Which Other Legal Documents Do You Need With An LOI?
An LOI is a starting point, not the finish line. Depending on the deal, consider these documents alongside or shortly after your letter of intent:
- Non-Disclosure Agreement (NDA): A standalone NDA can sit alongside or precede your LOI to protect confidential information and trade secrets.
- Heads of Agreement: If you want a more detailed, structured outline of agreed terms, a heads of agreement can act as a firmer bridge to the final contract.
- Memorandum of Understanding (MOU): Useful for high-level collaborations where you want clarity without legal commitment (other than confidentiality and similar clauses).
- Business Sale Agreement: The definitive contract if you’re acquiring the assets of a business (stock, equipment, IP, contracts, etc.).

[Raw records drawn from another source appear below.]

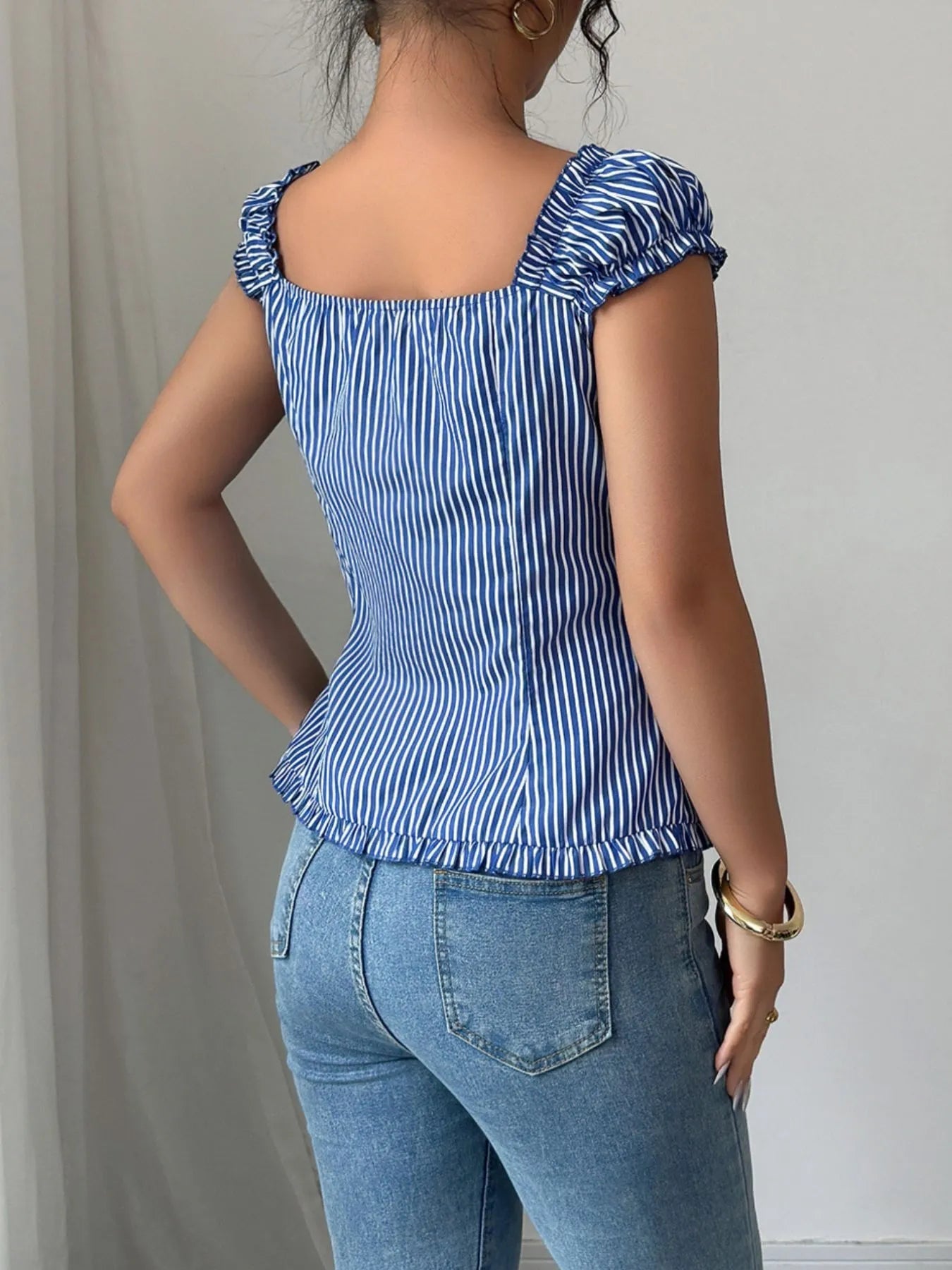 Frill Striped Cap Sleeve Blouse - Lookzlike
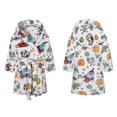 thumbnail image 4 of GYRATEDREAM Kids Boys Girls Flannel Bathrobes Soft Hooded Robes 2-12 Years, 4 of 11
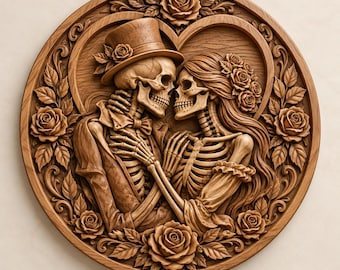 May include: A circular wooden wall plaque featuring a detailed relief carving of two skeletons facing each other. One skeleton wears a top hat with a rose, while the other has roses in their hair. The pair is framed by a heart and roses.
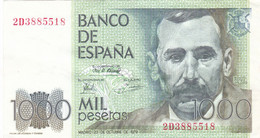 Billet De 1979 ESPAGNE 1000 Pesetas SUP  Benito Perez Galdos @ N° 2D3885518 (8 Numéros Et 1 Lettre) - [ 4] 1975-…: Juan Carlos I.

- Share Sale Agreement: The definitive contract when you’re buying or selling shares in a company.
- Term Sheet: A concise, often non-binding summary of key investment or partnership terms that guides the long-form documents.
Which documents you need-and in what order-will depend on your industry, the deal size, and how quickly both parties need to move. It’s normal to use an LOI and NDA first, then draft the definitive agreements once due diligence supports proceeding.
Practical Tips For Australian Small Businesses
- Keep it plain-English: Your LOI should be easy for decision-makers to read and sign. Short clauses and simple language reduce confusion and speed up approvals.
- Make binding clauses explicit: Use headings like “Binding Clauses” and “Non-Binding Terms” so there’s no ambiguity.
- Set realistic timeframes: Build in enough time for due diligence and approvals. Rushing can lead to missed risks or poorly drafted terms.
- Align the LOI with the final contract structure: If the end goal is an asset sale, use asset-sale language in the LOI. If it’s a share deal, use share terminology from the start.
- Plan for execution and record-keeping: Decide upfront if you’ll use e-signing and ensure the correct signatories are available. Keep a clear record of the latest signed version.
- Know when to get help: LOIs feel simple, but a few words can change whether you’re bound to proceed. Getting targeted advice before signing can save major headaches later.
Key Takeaways
- A letter of intent template helps you record headline terms, set a timetable, and protect confidentiality while you work towards a final contract.
- Make it clear which clauses are binding (e.g. confidentiality, exclusivity) and which commercial terms are non-binding and subject to contract.
- Include the essentials: parties, transaction summary, price or valuation approach, due diligence scope, exclusivity, confidentiality, timelines, costs and governing law.
- Choose the right “deal framework” document for your situation-consider whether an LOI, Heads of Agreement or MOU best fits your stage and objectives.
- Use the LOI to drive momentum, then transition to definitive contracts like a Business Sale Agreement, Share Sale Agreement or a Term Sheet as appropriate.
- Get the execution right and keep a clean paper trail; follow Australian signing rules and, if needed, the guidance on signing under section 127.